We report on the discovery of radio afterglow emission from the gamma-ray burst GRB 090423, which exploded at a redshift of 8.3, making it the object with the highest known redshift in the universe. By combining our radio measurements with existing X-ray and infrared observations, we estimate the kinetic energy of the afterglow, the geometry of the outflow, and the density of the circumburst medium. Our best-fit model suggests a quasi-spherical, high-energy explosion in a low, constant-density medium. GRB 090423 had a similar energy release to the other well-studied high redshift GRB 050904 (z = 6.26), but their circumburst densities differ by 2 orders of magnitude. We compare the properties of GRB 090423 with a sample of gamma-ray bursts (GRBs) at moderate redshifts. We find that the high energy and afterglow properties of GRB 090423 are not sufficiently different from other GRBs to suggest a different kind of progenitor, such as a Population III (Pop III) star.
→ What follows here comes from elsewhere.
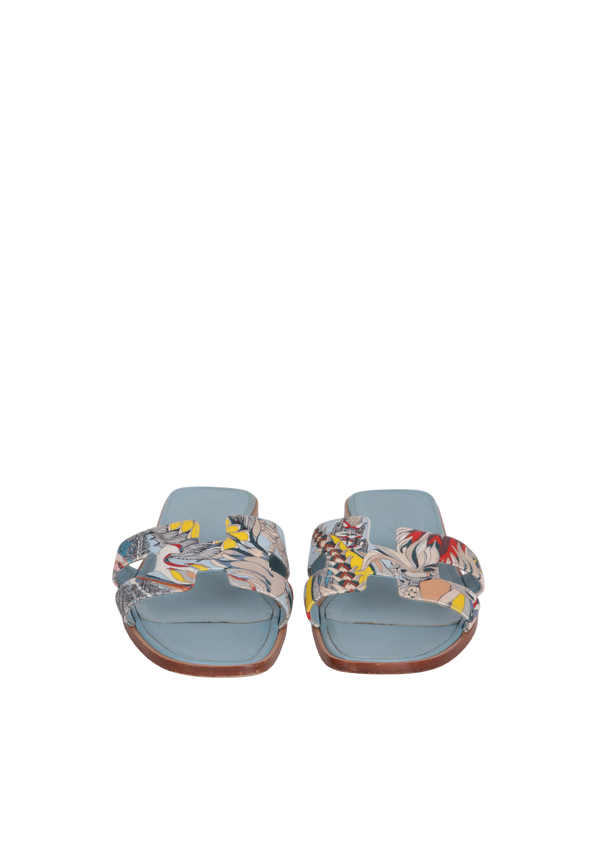 FANTAISIE BOTANIQUE ORAN SLIDES 36.5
However, we argue that it is not clear that the afterglow properties alone can provide convincing identification of Pop III progenitors. We suggest that the millimeter and centimeter radio detections of GRB 090423 at early times contained emission from the reverse shock. If true, this may have important implications for the detection of high-redshift GRBs by the next generation of radio facilities.